Last Friday, Open Gardens published its 100th post.
For seven months, we’ve kept a steady rhythm:
Mondays — Deep Dives (usually me, with
pinch hitting on occasion).Wednesdays — OG: Approved (Mitch curating the sharpest creator voices in the space).
Fridays — The Garden Harvest (
tracing the overlap between legacy media and the creator economy).
When we started this Substack back in February—barely a month after losing my house in the Palisades fire—it wasn’t about audience. It was about survival.
About forcing myself to keep moving, keep thinking, keep shaping. That’s still the metaphor for the industry itself: don’t freeze, keep building, understand the future by making it.
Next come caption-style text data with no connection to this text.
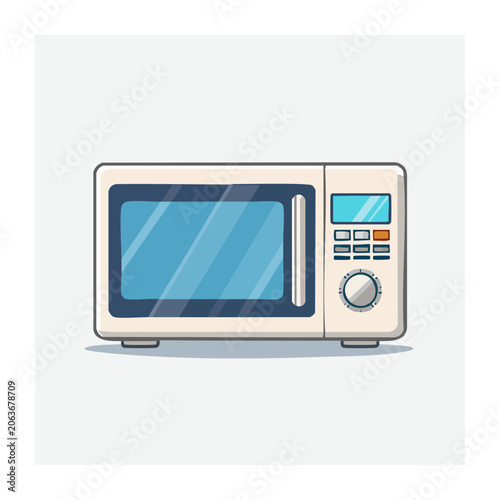 Flat design laptop with blue screen and icons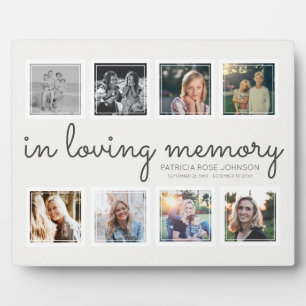 Plaque Photo Collage de photos en souvenir affectueux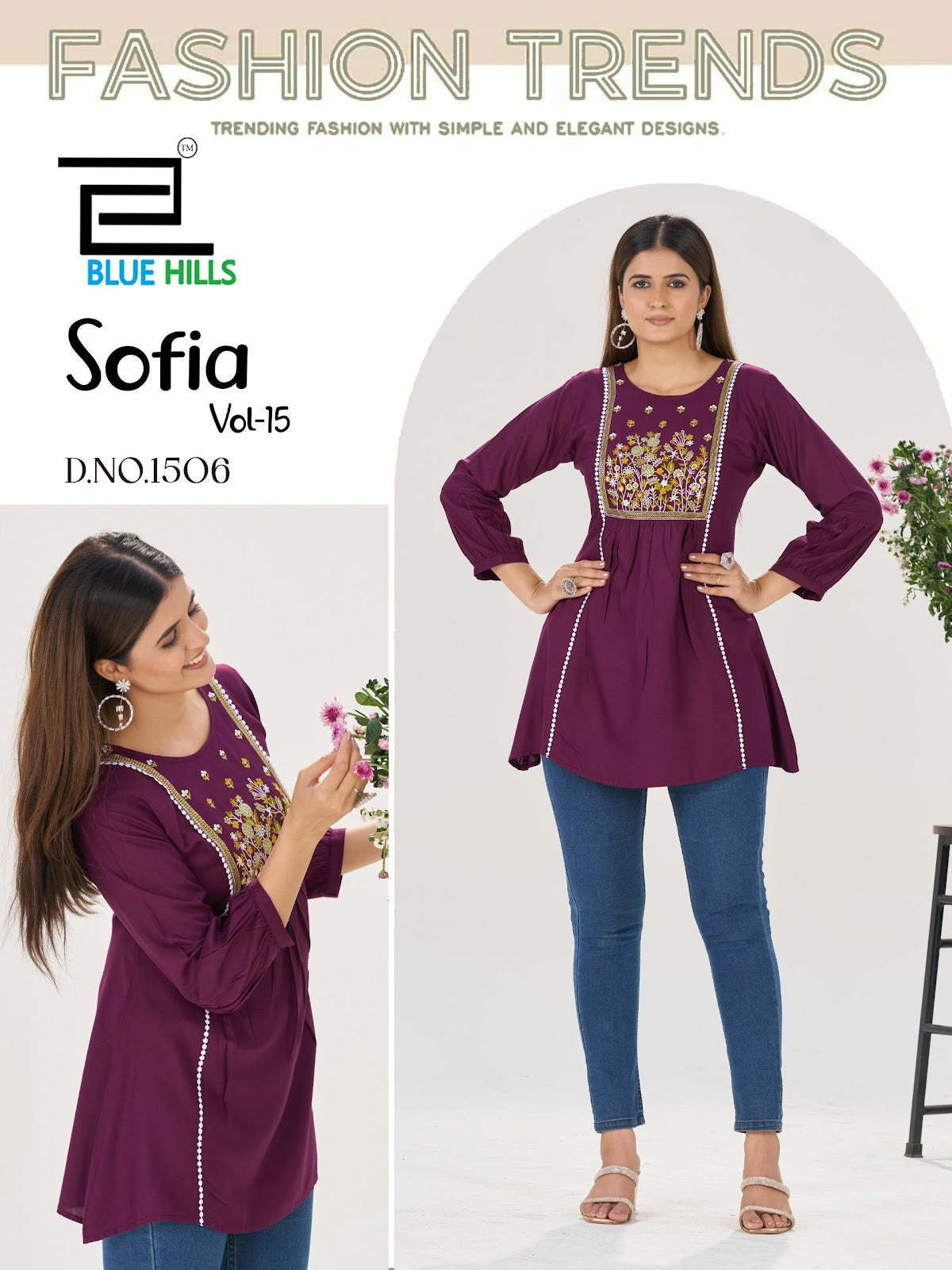 Sofia Vol 15 Blue Hills Rayon 14Kg Fancy Tops Wholesaler Ahmedabad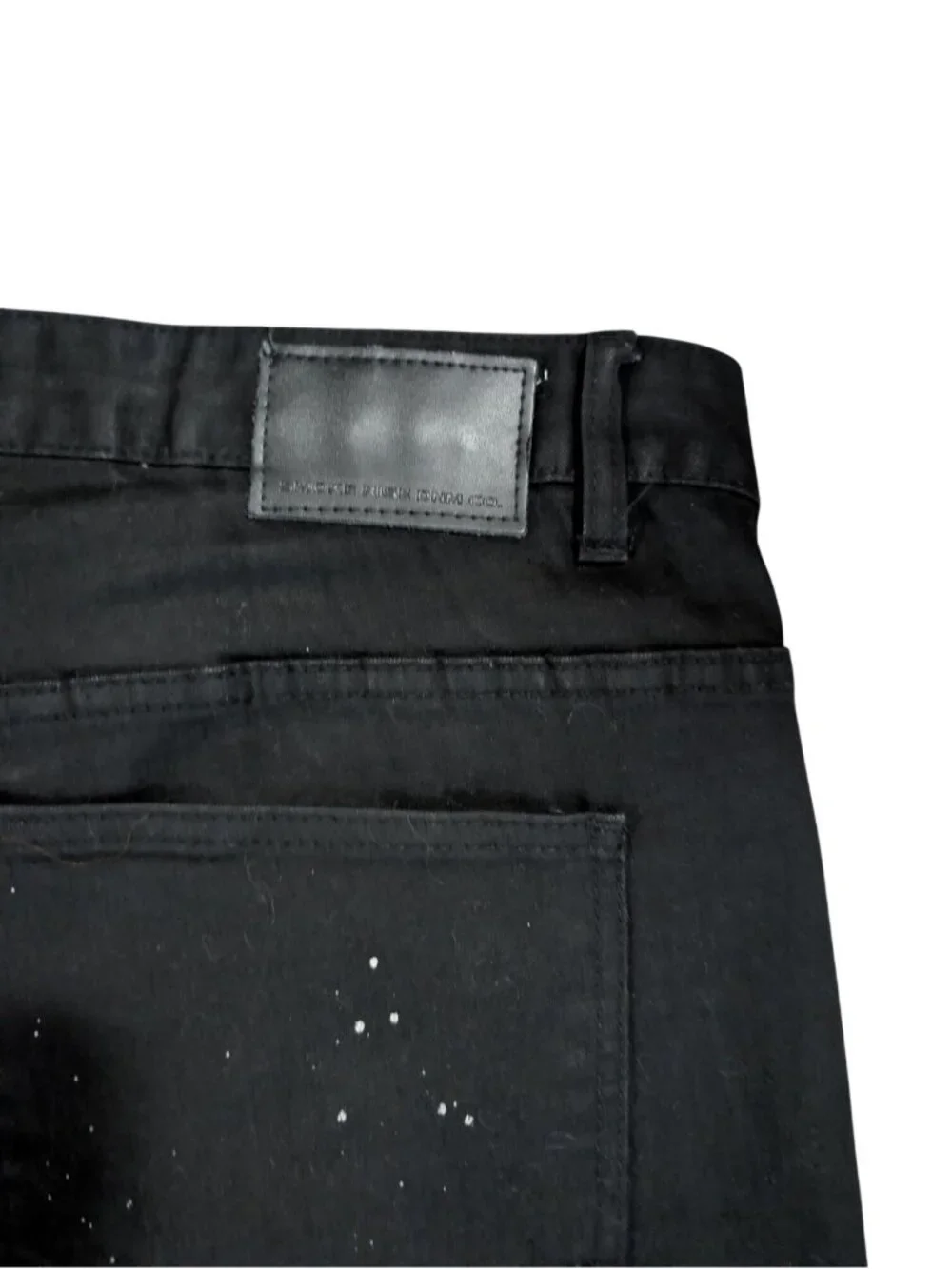 Smoke Rise Men's Jeans 48x32 Black Distressed Paint Splatter Moto Biker Stretch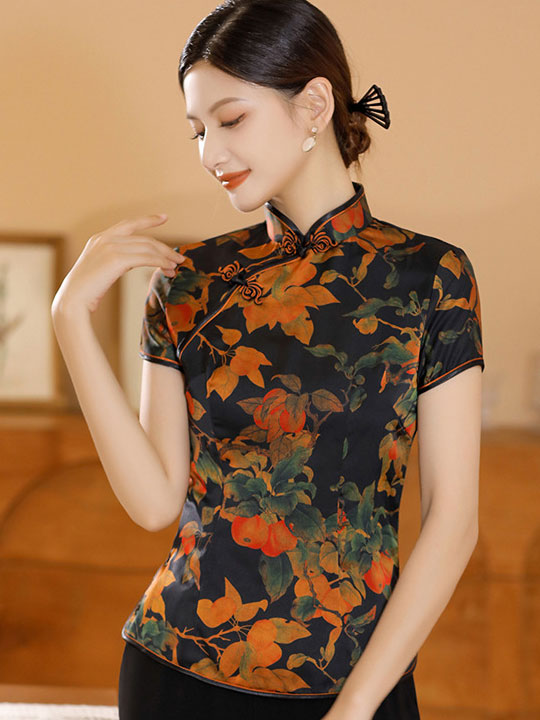Floral Print Woman Cheongsam Blouse Top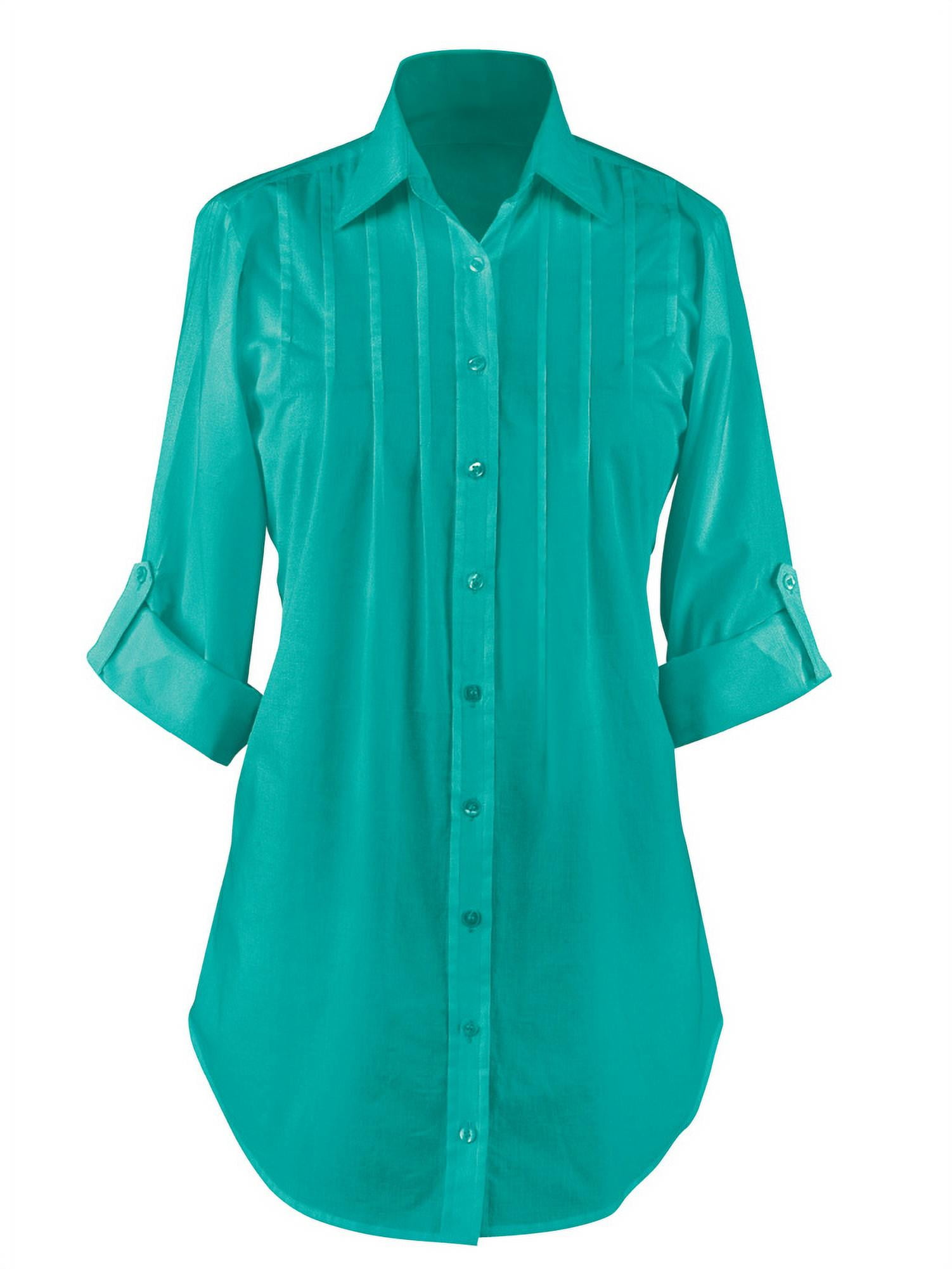 Women's Button Down, Collared, Roll Sleeve Tunic Top, Large 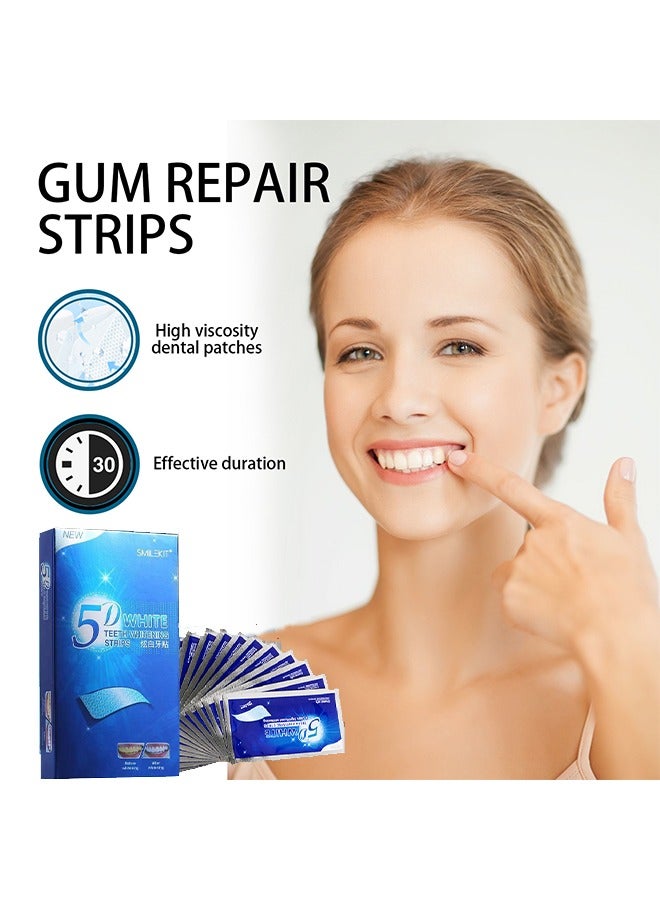 5D Teeth Whitening Strips, Elastic Gel Teeth Whitening Kit, Smile Whitening Strips for Against Yellow Teeth, Coffee Stains Dental, Black Teeth ( 7Packs, 14Strips)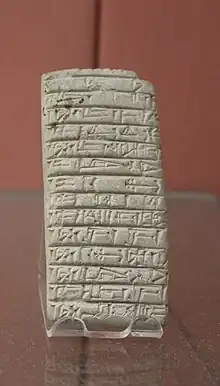 Tablette listant des dépendants d'une institution morts. Girsu, v. 2250 av. J.-C. British Museum.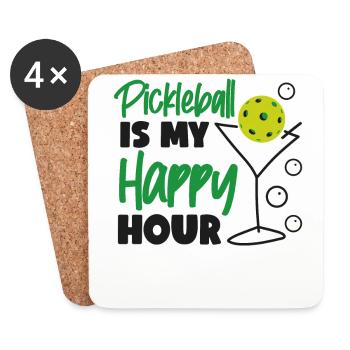 Pickleball Cocktail Pickleball est - Dessous de verre (lot de 4) - blanc - Devant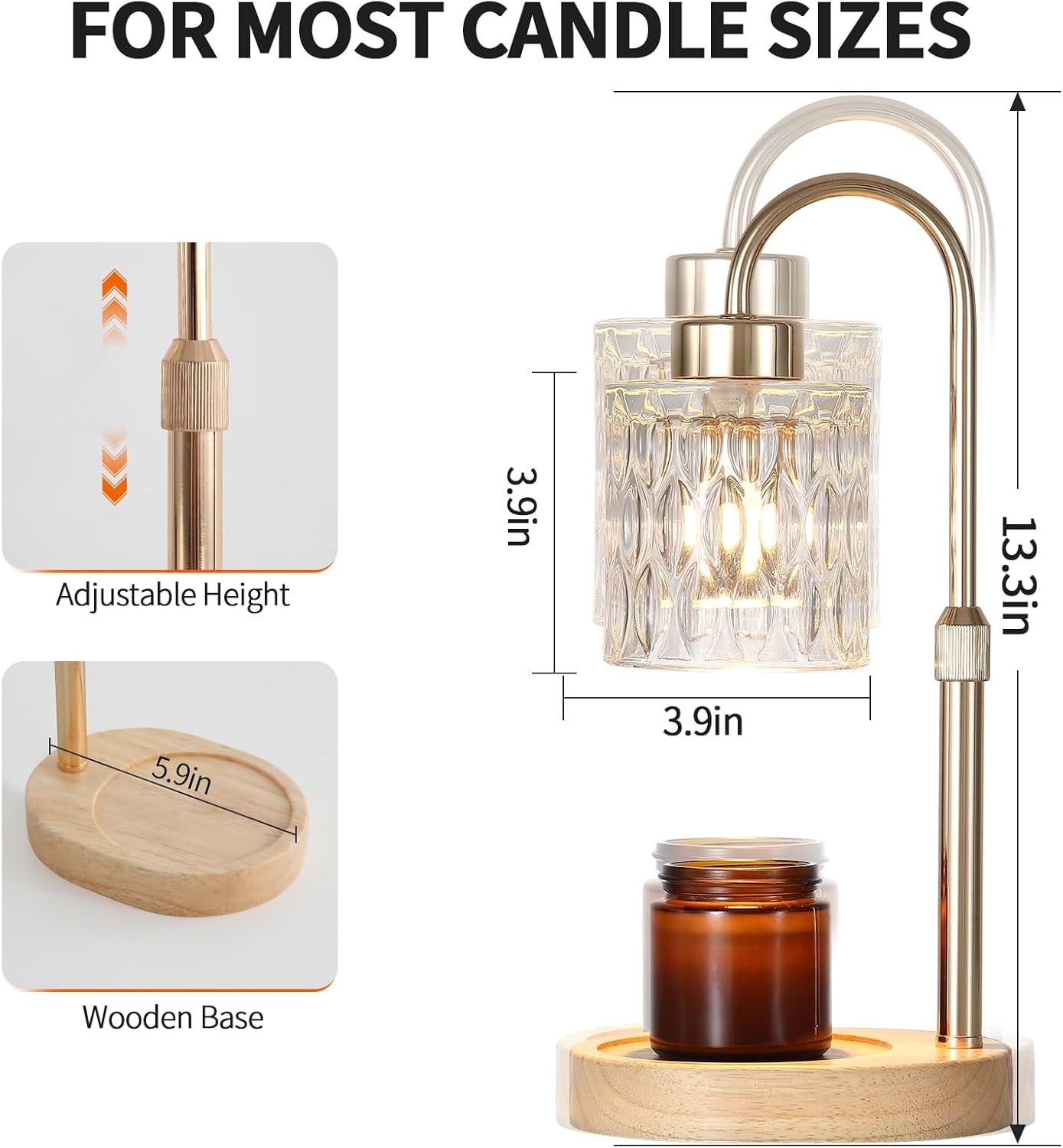Candle Warmer Lamp with Timer and Dimmer,Electric Gold Light Gifts for Women Melt Wax Warmer Lamp with 2 Bulbs for Candle Jars House Warming New Home Decor Bedroom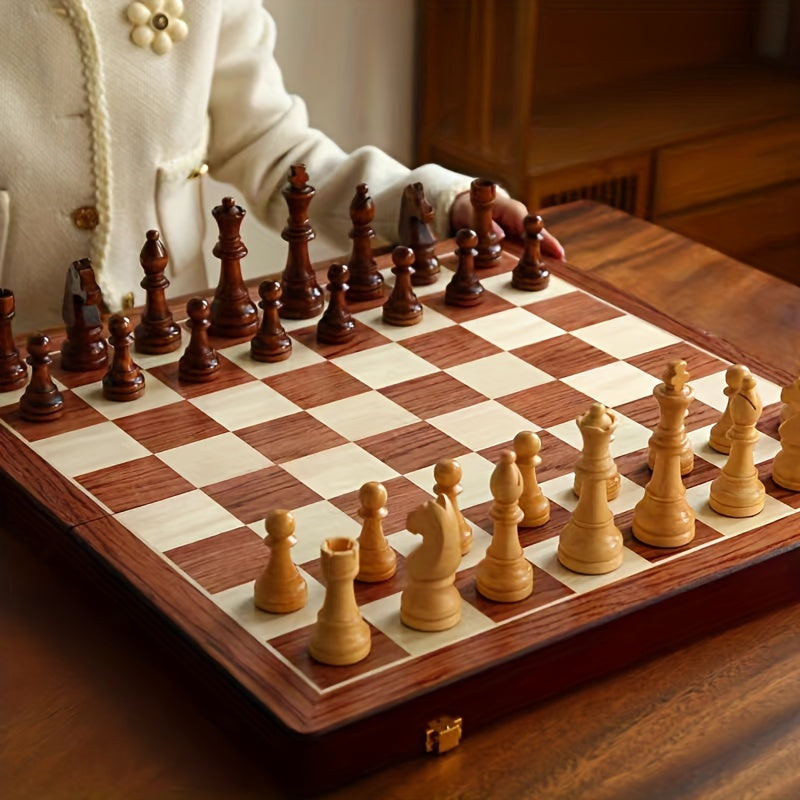 Chess Set Foldable Solid Wood Pieces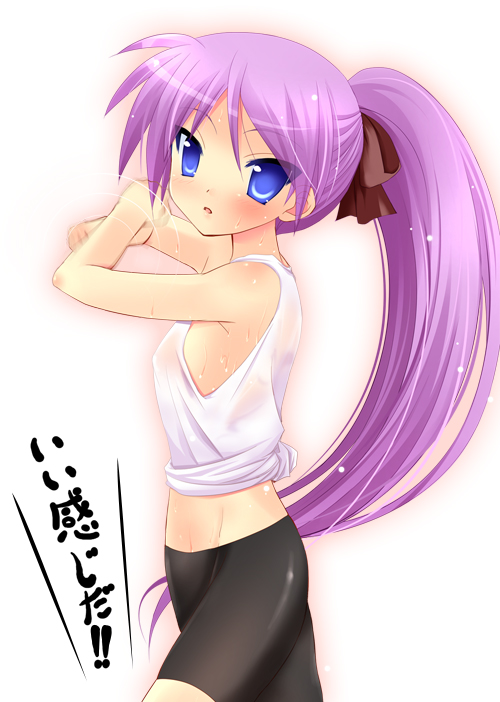 yukizuki chikuba, hiiragi kagami, lucky star, 00s, alternate hairstyle, armpits, bike shorts, blue eyes, long hair, motion blur, motion lines, parted bangs, ponytail, purple hair, solo, sweat, tank top, white background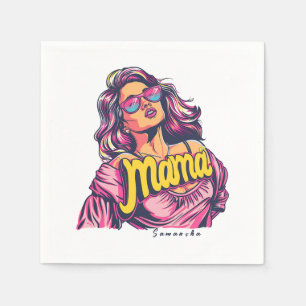Personalised Retro Mama Pop Art (6) Napkin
Why I launched Open Gardens
I had two impulses:
Convergence was inevitable. Creators would need the wisdom and craft of 100 years of content creation; Hollywood would need the community engines that creators had already mastered.
I needed to figure out how my company could play inside that convergence.
I’ve seen three very different reactions from the Legacy players to the shifting landscape:
Denial: “Creators aren’t real.”
Fear/Curiosity: “This is shifting—help me understand it.”
Exit Stage Left: “The magic is gone. I’m out.”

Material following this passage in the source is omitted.